Election présidentielle au Mali, le 28 juillet 2013, ici à Tombouctou.
© REUTERS/Joe Penney

La Côte d’Ivoire et le Burkina Faso ont tenu, ce mardi 30 juillet, le troisième sommet de leur Traité d’amitié signé en 2008. Les présidents Alassane Ouattara et Blaise Compaoré - avec leur gouvernement respectif au complet - se sont retrouvés à Yamoussoukro, la capitale politique ivoirienne. L'occasion de parler de l'élection malienne.

Très impliqués dans la recherche des solutions pour un retour à l’ordre constitutionnel au Mali, les deux chefs d’Etat ont évoqué publiquement la présidentielle en cours, dont le premier tour s’est tenu dimanche 28 juillet.
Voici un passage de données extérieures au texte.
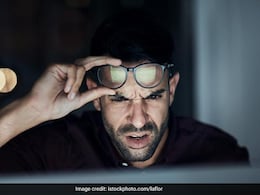 आंखों से चश्मा हटाने के लिए आज से ही करें ये 5 काम, धुंधला दिखने वालों को भी साफ नजर आएंगी चीजें आंखों से चश्मा हटाने के लिए आज से ही करें ये 5 काम, धुंधला दिखने वालों को भी साफ नजर आएंगी चीजें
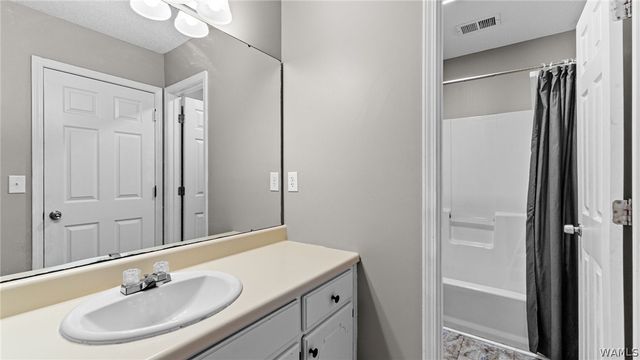 12694 Hickory, Northport, AL 35475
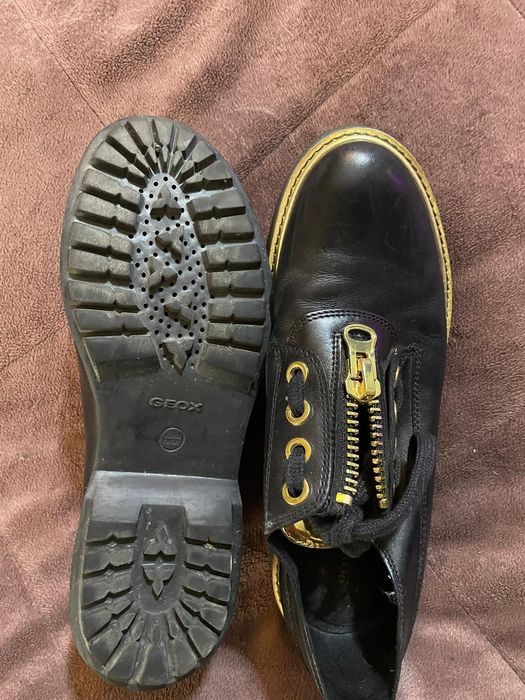 Pantofi Geox foarte comozi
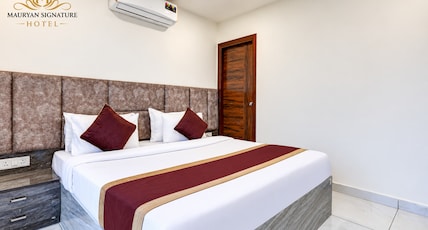 Mauryan Signature hotel with Airport View Room Type - Standard King Room Mauryan Signature hotel with Airport View Room Type - Standard King Room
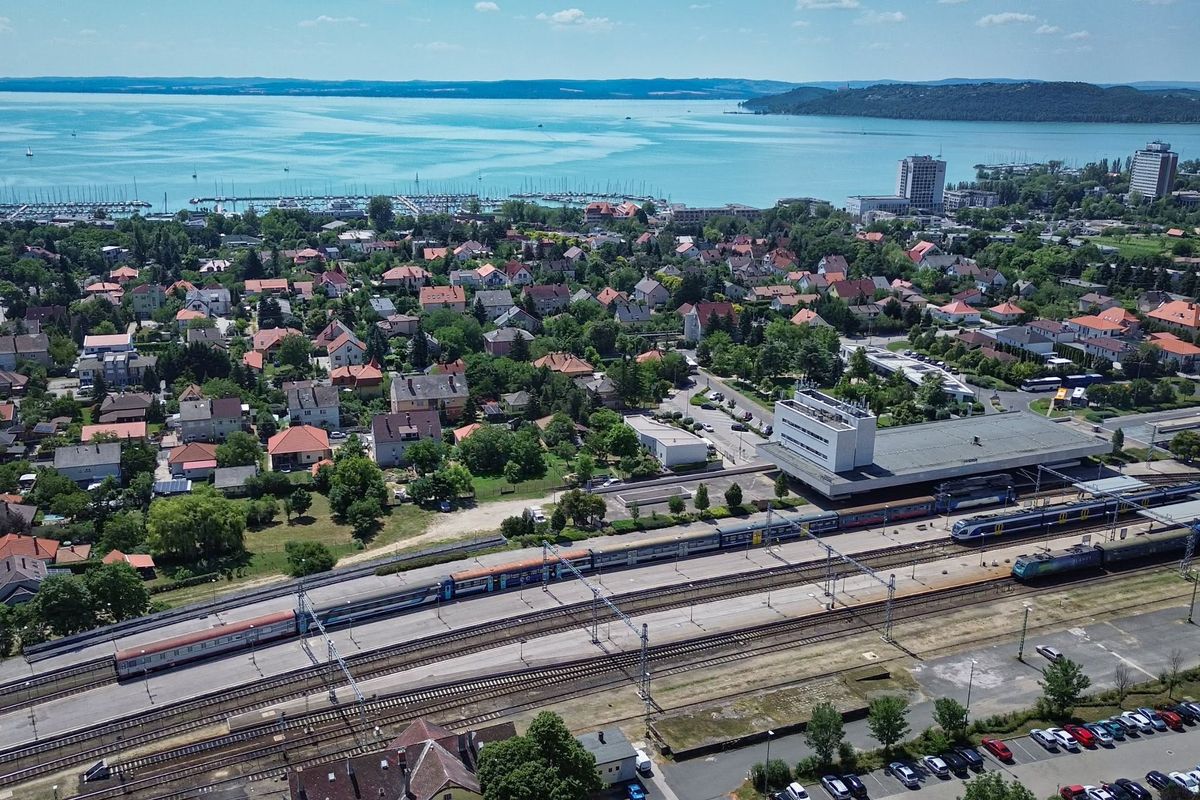 balatoni körvasút vonat Balaton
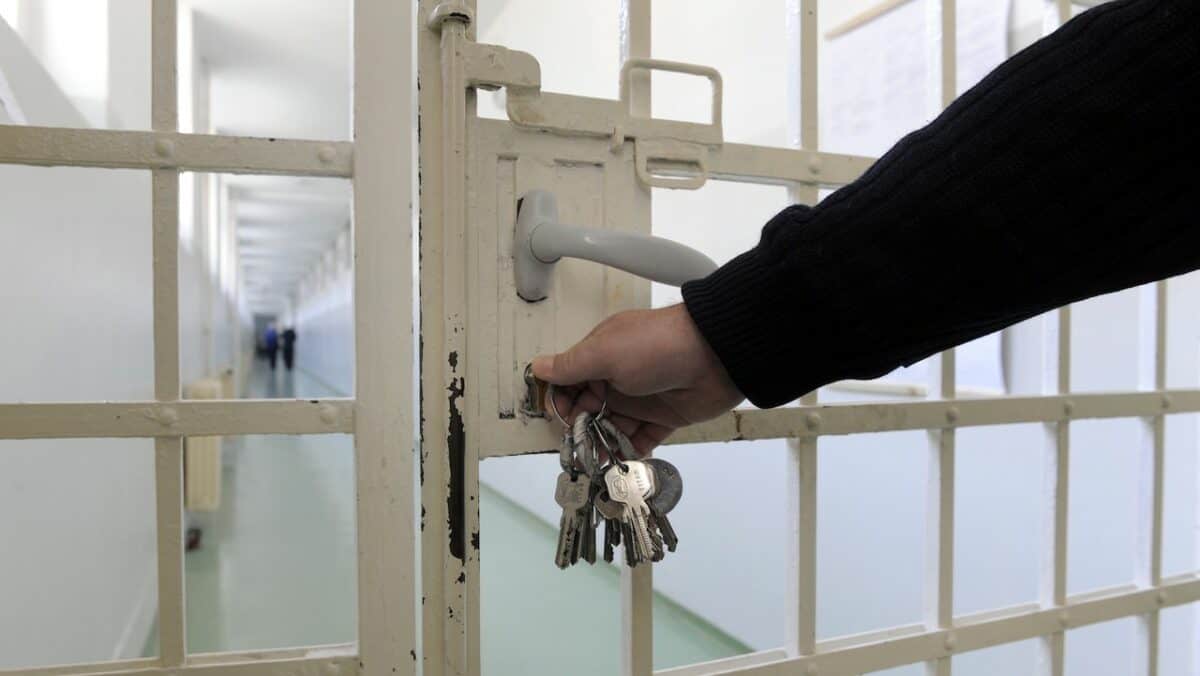 Re-educare în România - Infractorii profită, victimele plătesc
Alassane Ouattara exhorte tous les candidats à l’élection d’accepter le résultat des urnes. Passant sous silence les quelques couacs - notamment à Kidal - et les difficultés de certains Maliens pour trouver leur nom sur les listes électorales dans les bureaux de vote, le chef de l’Etat ivoirien et président en exercice de la Communauté économique des Etats de l’Afrique de l’Ouest (Cédéao) salue « la manière » dont ce premier tour s’est déroulé.

Alassane Ouattara se réjouit de la manière avec laquelle le peuple malien a agi. « C’est remarquable que seize mois après le coup d’Etat de mars 2012 (…) des élections démocratiques apaisées puissent être organisées au Mali », explique-t-il.

Le numéro un ivoirien en a parlé avec son homologue burkinabè Blaise Compaoré, médiateur de la Cédéao dans la crise malienne. Ils sont « très heureux » de la manière avec laquelle les choses se sont déroulées.

« Un acte politique majeur »

Les deux chefs d’Etat avaient pourtant affiché des positions divergentes avant le début de l’offensive des groupes jihadistes vers Bamako en janvier dernier, qui a précipité l’intervention militaire française pour les stopper. Blaise Compaoré avait alors prôné des négociations inter-maliennes inclusives, qui tiendraient aussi compte de certains groupes radicaux voulant imposer la charia, la loi islamique.

Maintenant que ces groupes ont été défaits, le numéro un burkinabè garde toujours son idée d’assoir toutes les composantes de la société malienne autour d’une même table pour continuer les négociations afin « d’aller vers une paix définitive ».

Pour Blaise Compaoré, le premier tour de la présidentielle au Mali « est un acte politique majeur ».